REPUBLIKA.CO.ID, JAKARTA — Masyarakat Anti Korupsi Indonesia (MAKI) bersama Lembaga Pengawasan, Pengawalan, dan Penegakan Hukum Indonesia (LP3HI) membeberkan temuan empat klaster dalam skandal korupsi dan tindak pidana pencucian uang (TPPU) proyek pembangunan serta penyediaan infrastruktur BTS 4G BAKTI Kementerian Komunikasi dan Informatika (Kemenkominfo). Dua lembaga penyelidik partikelir tersebut mendesak agar Jaksa Agung Muda Tindak Pidana Korupsi (Jampidsus) di Kejaksaan Agung (Kejagung) menyeret semua pihak-pihak terlibat dalam empat klaster korupsi yang merugikan negara Rp 8,32 triliun tersebut.
Wakil Ketua LP3HI, Kurniawan Adi Nugroho, mengungkapkan empat klaster tersebut terdiri dari kelompok di pihak Kemenkominfo dan Badan Aksesibilitas Telekomunikasi dan Informasi (BAKTI). Klaster kedua dari pihak lembaga pengawas di Dewan Perwakilan Rakyat (DPR), dan di Badan Pemeriksa Keuangan (BPK). Ketiga adanya klaster pemborong. Serta terakhir di klaster keempat, adalah para makelar kasus yang ‘bergentayangan’ di lingkungan kejaksaan untuk pengamanan penerapan pasal-pasal tertentu dalam proses penyidikan.
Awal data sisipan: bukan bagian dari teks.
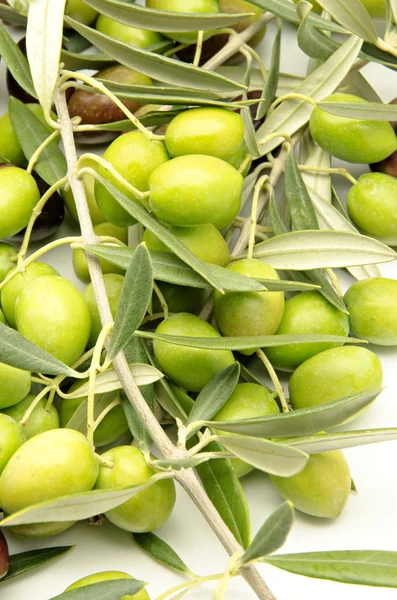 Olives — Stock Photo, Image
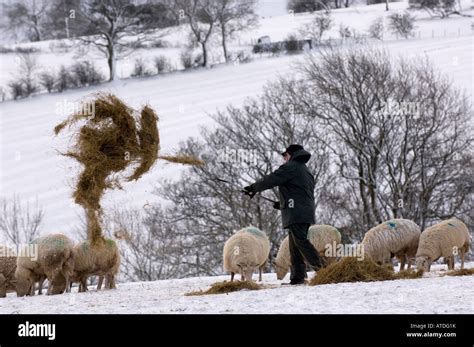 Shepherd Feeding Silage To Flock Of Crossbred Sheep In Snow Using Quad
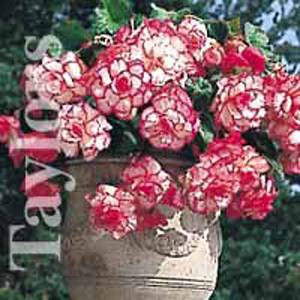 The Exotic Babylon produces blooms of cascading pink/red flowers from July onwards.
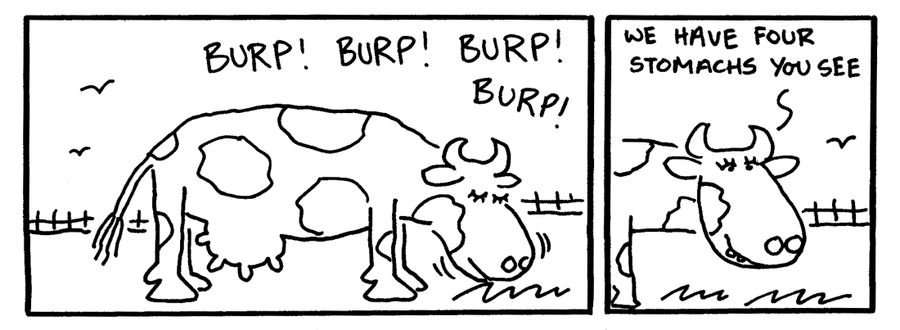 "Burp! Burp! Burp! Burp! We have four stomachs you see."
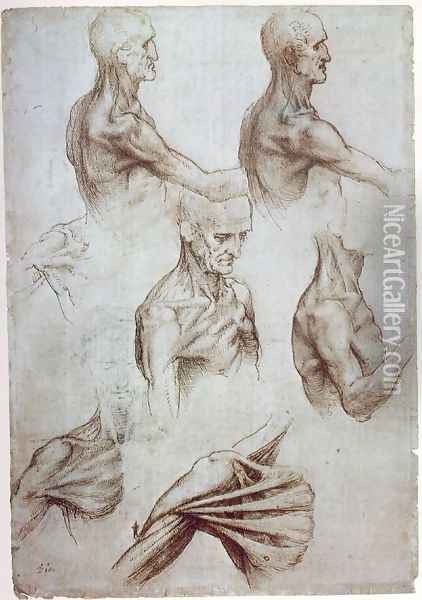 Muscles of the neck and shoulders 1515 Oil Painting - Leonardo Da Vinci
“Keempat klaster-klaster ini, semuanya turut menikmati aliran-aliran uang yang diduga bersumber dari tindak pidana korupsi dalam pembangunan dan penyediaan infrastruktur BTS 4G Kemenkominfo ini,” kata Kurniawan di Pengadilan Negeri Jakarta Selatan (PN Jaksel), pada Senin (26/6/2023).
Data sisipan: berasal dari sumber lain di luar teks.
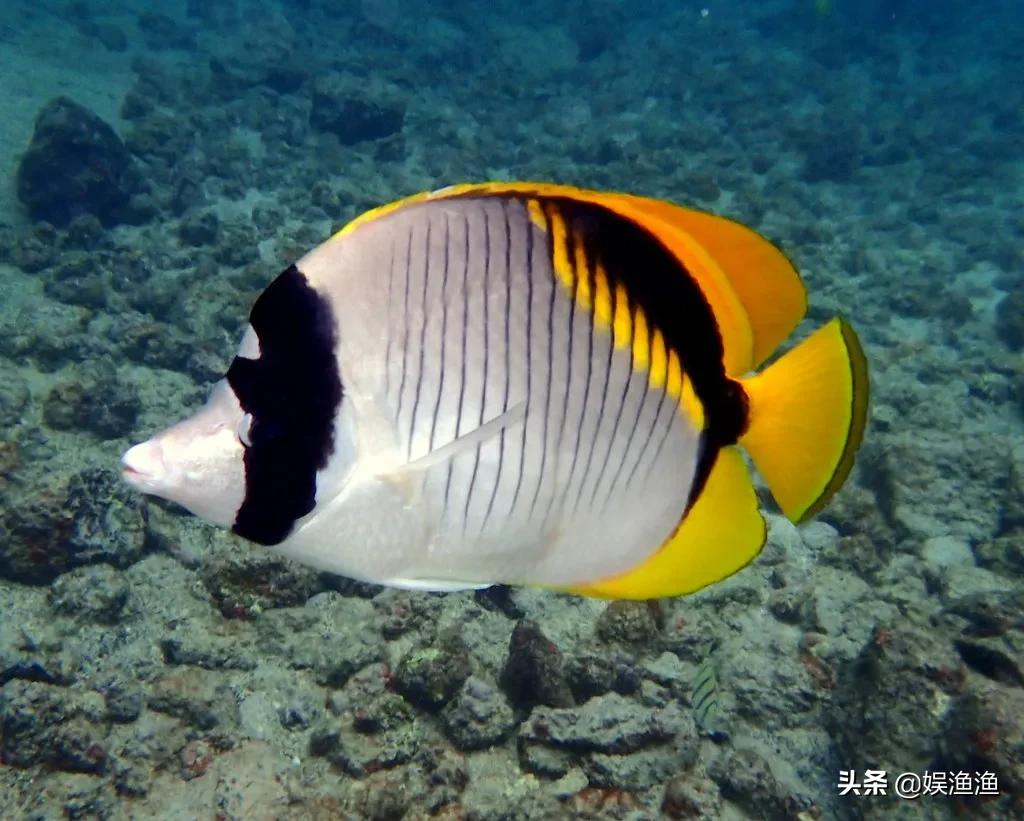 海底魚類圖片及名字(海洋世界十大最美麗的魚) - 赤虎壹號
Kurniawan menjadi perwakilan LP3HI dan MAKI dalam sidang perdana praperadilan terhadap Jampidsus-Kejagung serta Komisi III DPR RI terkait desakan agar penyidikan tersangka korupsi BTS 4G BAKTI Kemenkominfo juga turut dijerat dengan pasal-pasal dalam UU 8/2010 tentang TPPU. Akan tetapi sidang perdana, Senin (26/6/2023) itu digelar singkat tanpa kehadiran pihak Kejakgung maupun Komisi III.
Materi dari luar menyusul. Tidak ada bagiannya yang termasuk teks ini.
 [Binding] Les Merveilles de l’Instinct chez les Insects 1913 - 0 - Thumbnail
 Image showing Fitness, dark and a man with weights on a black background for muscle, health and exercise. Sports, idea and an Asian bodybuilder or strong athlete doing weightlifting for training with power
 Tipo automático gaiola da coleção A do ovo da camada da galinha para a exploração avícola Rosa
Karena itu, hakim menunda persidangan sampai 4 Juli 2023 mendatang. Namun, Kurniawan membeberkan hasil investigasi LP3HI dan MAKI yang menjadi acuan dalam permohonan praperadilan tersebut.
Kurniawan menjelaskan dari klaster di Kemenkominfo dan BAKTI, tim penyidikan Jampidsus-Kejagung memang sudah menetapkan dua tersangka. Yakni tersangka eks Menkominfo Johnny Gerard Plate (JGP) dan Dirut BAKTI Anang Achmad Latif (AAL). Akan tetapi masih ada para terlibat lainnya, di lingkaran pejabat utama di Kemenkominfo dan BAKTI yang menurut LP3HI dan MAKI, pun turut menikmati uang hasil korupsi BTS 4G BAKTI Kemenkominfo tersebut.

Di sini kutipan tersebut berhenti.